Ekim ayında hoş bir cumartesi akşamını geçirdiğimiz, Osteria Salvatore… Boğaz’ ın yanıbaşındaki İtalyan Restoranı…
Uzun zamandır şöyle tam Boğaz’ ın yanıbaşında, İstanbul’ un keyfine vararak bir akşam yemeğine çıkmayı istiyorduk. Osteria Salvatore işte tam da öyle. Manzarasıyla insanı büyülüyor. Köprü boydan boya gözlerinizin önünde, ışıl ışıl. Su kenarında olmanın verdiği keyif ise zaten bambaşka. Burası özel bir günü kutlamak için seçilebilecek şık bir restoran. Hatta Osteria Salvatore ‘ de akşam yemeğinin öncesinde, hoş bir kokteyl eşliğinde, güneşin batışını izlemek muhteşem olacaktır.
image
image
Osteria Salvatore ‘ de modern dokunuşların hakim olduğu, ahşap ile ayna, cam gibi parlak malzemelerin buluştuğu bir tasarım tercih edilmiş. Mekanda taş fırın, bar gibi alanlar tasarımları ile ön plana çıkarılmış. Genel olarak ne çok sade, ne çok abartılı. Dengeli, şık bir İtalyan Restoranı.
images
Restoranın açık ve kapalı alanı bulunuyor.
Biz, hava çok güzel olduğu ve önceden rezervasyon yaptırdığımız için dışarıda, Boğaz’ ın tam yanıbaşındaki masamızda, İtalyan lezzetlerine şahit olduk.
Sonradan başlayan yağmur bizleri uzun bir süre direnmemizin ardından kapalı kısısma almış olsa da…
Gelelim menüsüne:
Osteria Salvatore ‘ de klasik İtalyan lezzetleri bulunuyor. A la carte menüsü sade ve iştah kabartıcı. Masamız ile ilgilenen garsonlar ilgililerdi, servisleri iyiydi ancak özel bir restorandaki menü ile ilgili tüm bilgilerin çok büyük bir özende müşterilere iletilmesi gerektiğine inanıyorum.

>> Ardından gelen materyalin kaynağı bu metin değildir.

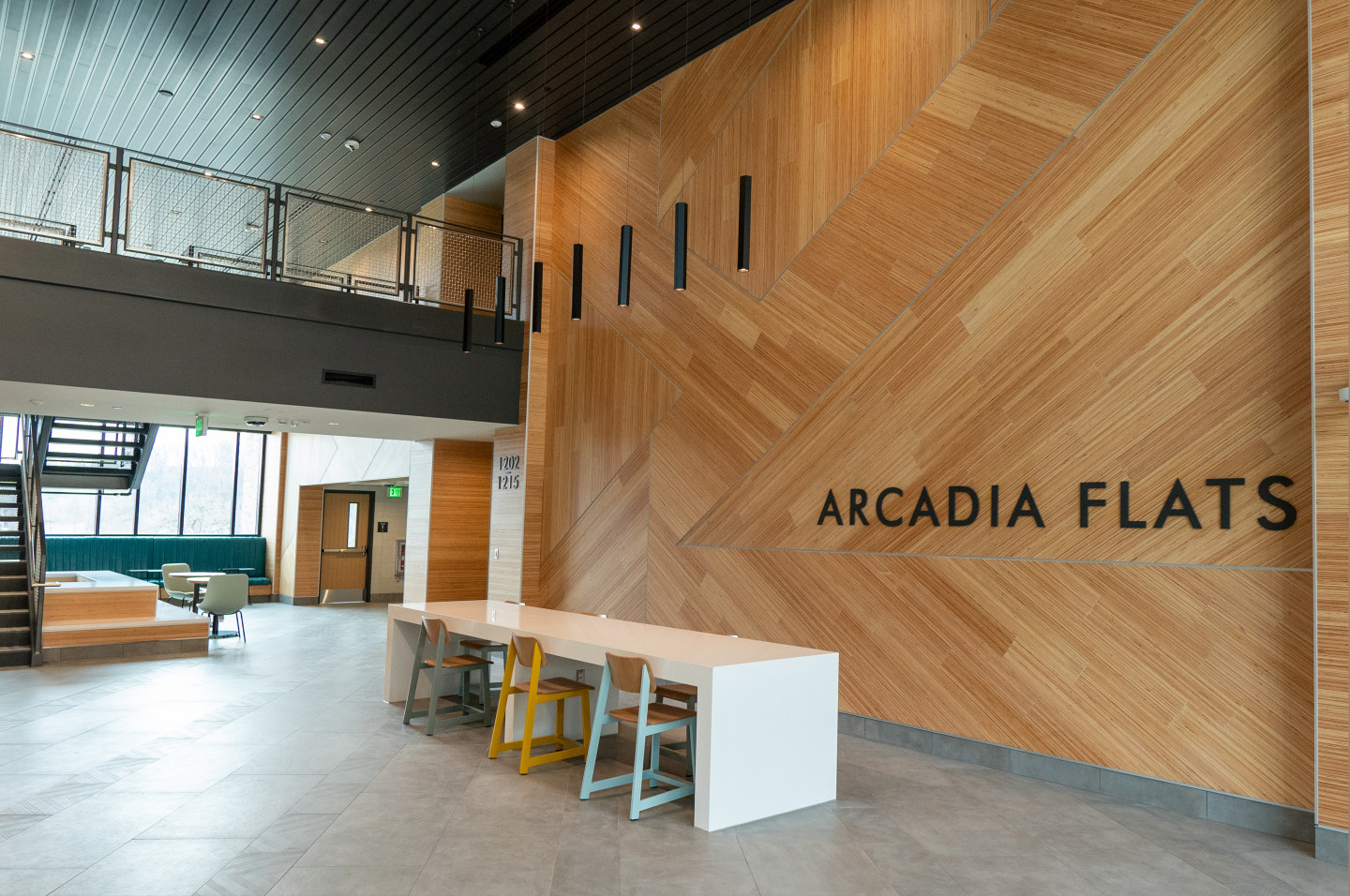 Main entrance of Arcadia Flats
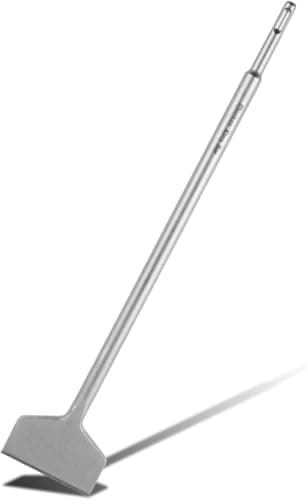 Image of Monkey King Bar SDS Plus Chisel 400x75MM, Wide Chisel for SDS Plus Rotary Hammer Drill, Alloy Steel Shovel, Sharp Head for Ceramic Tile Cement Thinset Mortar Vinyl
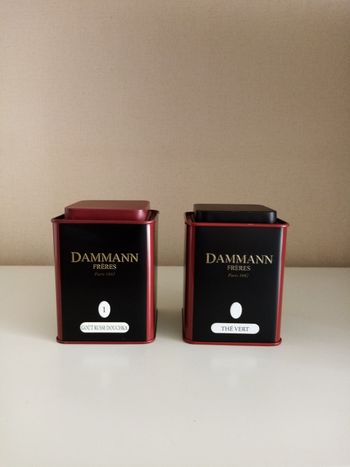 2 boîtes à thé (Dammann)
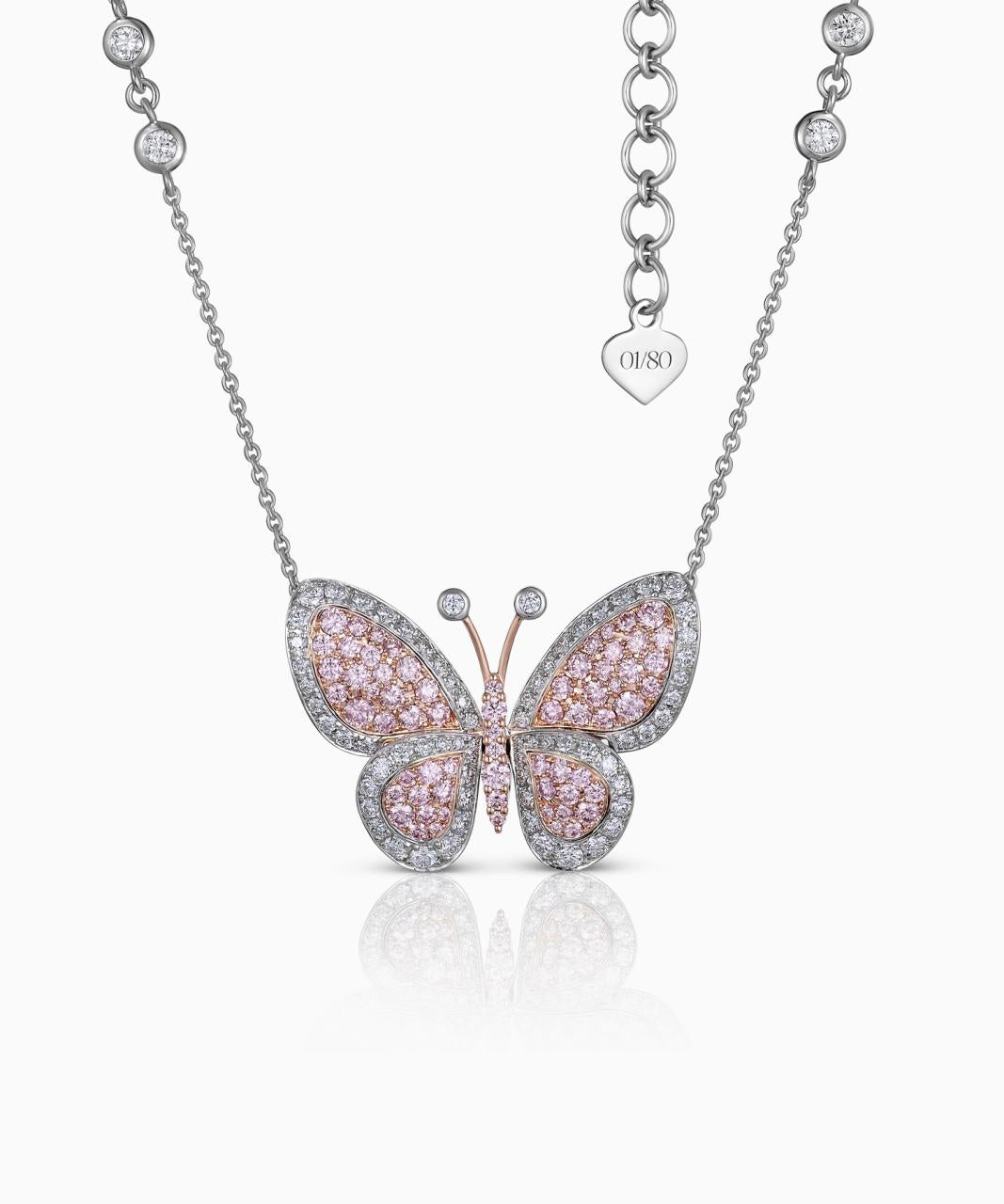 Limited Edition - Argyle Pink™ Butterfly Pendant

Akşam yemeğimize zeytinli meze ve focaccia, şarküteri tabağı, buratta ve deniz mahsülleri ile başladık. Eşlikçimiz Arcadia: Sauvignon Blanc oldu. Acele etmeden, sakin bir başlangıç… Zaten manzara öyle güzel ki, bir nefes yemek ise, iki nefes manzara… Dolayısıyla hızlı yemek neredeyse imkansız. Biz de hem lezzetlerin, hem manzaranın, hem de sohbetin tadını çıkardık.
Ve ardından yağmur başladı. Aslında şemsiyeler bizi güzel koruyordu ama sonrasından artan rüzgardan dolayı ana yemeklerimize kapalı kısımda devam ettik.
Ana yemek olarak, taş fırında pişmiş pizza, karidesli linguine, kuzu bonfile ve kuzu kol seçtik. Eşlikçimiz bu sefer Merlot idi. Kuzu bonfile muhteşem pişmişti ve yumuşacıktı. Kuzu kol şahaneydi. Zaten kuzu kol için bir sunumlar, bir sunumlar ki sormayın :) 40-45 dakika pişme süresi oluyor, minimum 4 kişi için sipariş alıyorlar.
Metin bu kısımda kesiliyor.